Contenzioso

Servizi pubblici, dirigente licenziabile se critica troppo il cda

di Giuseppe Bulgarini d’Elci


In un contesto aziendale caratterizzato da forti inefficienze produttive che incidono negativamente sulla fruizione di un servizio pubblico, la reiterata espressione del dissenso formulata con toni eccessivi e coloriti da parte di un dirigente nei confronti del consiglio di amministrazione della società è circostanza idonea a giustificare il licenziamento per giusta causa. Se la finalità del licenziamento è quella di restaurare un equilibrato rapporto di fiducia tra il management aziendale e l'organo amministrativo, messo in discussione dal reiterato dissenso ostile del dirigente e dalle sue iniziative insolenti ed insubordinate, la reazione disciplinare del datore di lavoro non è da considerarsi arbitraria, bensì giustificata in una prospettiva di tutela della macchina aziendale.

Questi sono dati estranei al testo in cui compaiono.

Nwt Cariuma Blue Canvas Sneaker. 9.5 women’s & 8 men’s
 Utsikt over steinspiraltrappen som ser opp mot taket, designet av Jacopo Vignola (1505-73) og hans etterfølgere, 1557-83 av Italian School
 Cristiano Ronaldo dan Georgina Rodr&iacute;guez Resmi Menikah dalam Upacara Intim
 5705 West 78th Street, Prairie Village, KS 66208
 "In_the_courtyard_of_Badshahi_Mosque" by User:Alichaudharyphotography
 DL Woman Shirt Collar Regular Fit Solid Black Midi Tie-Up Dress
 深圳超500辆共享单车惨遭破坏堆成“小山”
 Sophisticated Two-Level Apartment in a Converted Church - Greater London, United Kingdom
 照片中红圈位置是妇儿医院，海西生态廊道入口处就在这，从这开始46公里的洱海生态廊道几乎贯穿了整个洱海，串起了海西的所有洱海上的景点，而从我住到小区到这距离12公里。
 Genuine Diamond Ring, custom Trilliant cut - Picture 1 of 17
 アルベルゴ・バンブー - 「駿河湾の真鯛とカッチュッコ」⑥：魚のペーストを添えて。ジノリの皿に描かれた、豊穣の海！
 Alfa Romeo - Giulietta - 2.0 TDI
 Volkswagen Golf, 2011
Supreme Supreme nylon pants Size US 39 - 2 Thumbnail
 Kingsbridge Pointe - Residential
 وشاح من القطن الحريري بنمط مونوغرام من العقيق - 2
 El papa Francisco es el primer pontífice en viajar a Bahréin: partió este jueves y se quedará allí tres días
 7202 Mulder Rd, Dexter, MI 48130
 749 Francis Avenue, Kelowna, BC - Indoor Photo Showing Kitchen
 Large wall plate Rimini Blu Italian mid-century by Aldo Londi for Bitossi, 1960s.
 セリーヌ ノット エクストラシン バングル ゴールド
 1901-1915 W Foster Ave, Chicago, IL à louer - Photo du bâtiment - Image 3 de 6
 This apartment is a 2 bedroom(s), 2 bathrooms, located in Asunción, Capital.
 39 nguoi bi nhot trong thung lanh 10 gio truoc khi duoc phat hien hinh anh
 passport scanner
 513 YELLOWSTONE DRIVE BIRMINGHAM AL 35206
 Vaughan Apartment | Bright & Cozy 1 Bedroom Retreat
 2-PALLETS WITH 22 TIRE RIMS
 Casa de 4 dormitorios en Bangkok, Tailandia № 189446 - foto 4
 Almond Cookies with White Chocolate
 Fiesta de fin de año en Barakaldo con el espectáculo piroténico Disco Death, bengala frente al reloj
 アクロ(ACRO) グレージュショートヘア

La Cassazione afferma (sentenza n. 8659 del 28 marzo 2019) che la misura espulsiva costituisce un provvedimento legittimo se la finalità del licenziamento, in presenza di critiche reiterate e atteggiamenti insolenti rispetto alle strategie messe in atto dai vertici societari, è quella di recuperare un rapporto armonico tra il livello dirigenziale e l'organo amministrativo.

Il caso sul quale è stata chiamata a pronunciarsi la Cassazione era relativo al licenziamento del dirigente di una società che gestiva il servizio di nettezza urbana per il Comune di Palermo. La difficile situazione della raccolta dei rifiuti, creatasi nell'area comunale nell'estate del 2015, aveva indotto il dirigente ad esprimere, in modo acceso e inurbano, un forte dissenso verso il al consiglio di amministrazione e a sviluppare un atteggiamento insolente ed insubordinato, che aveva contribuito ad ingenerare una forma di contrapposizione tra il personale dirigenziale e l'organo amministrativo della società.

Riformando la sentenza del giudice di primo grado, la corte d'appello territoriale aveva confermato la legittimità del licenziamento, osservando che il dissenso espresso dal dirigente con toni eccessivi e coloriti, unitamente agli atteggiamenti insolenti ed insubordinati, travalicava il legittimo esercizio del diritto di critica.

La Cassazione conferma la sentenza e osserva che, nell'ambito di un rapporto di lavoro dirigenziale, dove il grado di fiducia che la società deve poter riporre nel proprio dipendente è massimo, la reiterata contrapposizione verso il consiglio di amministrazione, formulata mediante un reiterato dissenso, espresso in modo colorito e insolente, accompagnato da iniziative tese a delegittimarne l'autorità, costituisce violazione dei principi di correttezza e buona fede che governano il rapporto di lavoro.

La Suprema Corte valorizza il dato per cui il licenziamento del dirigente dissenziente costituiva un rimedio funzionale al recupero di un equilibrato rapporto tra il livello dirigenziale e il consiglio di amministrazione.

Risulta, pertanto, giustificato il provvedimento espulsivo intimato nei confronti di un dirigente che si pone in contrapposizione all'indirizzo organizzativo espresso dalla società, se tale misura risulta utile al recupero di un rapporto armonico tra il management aziendale e il consiglio di amministrazione.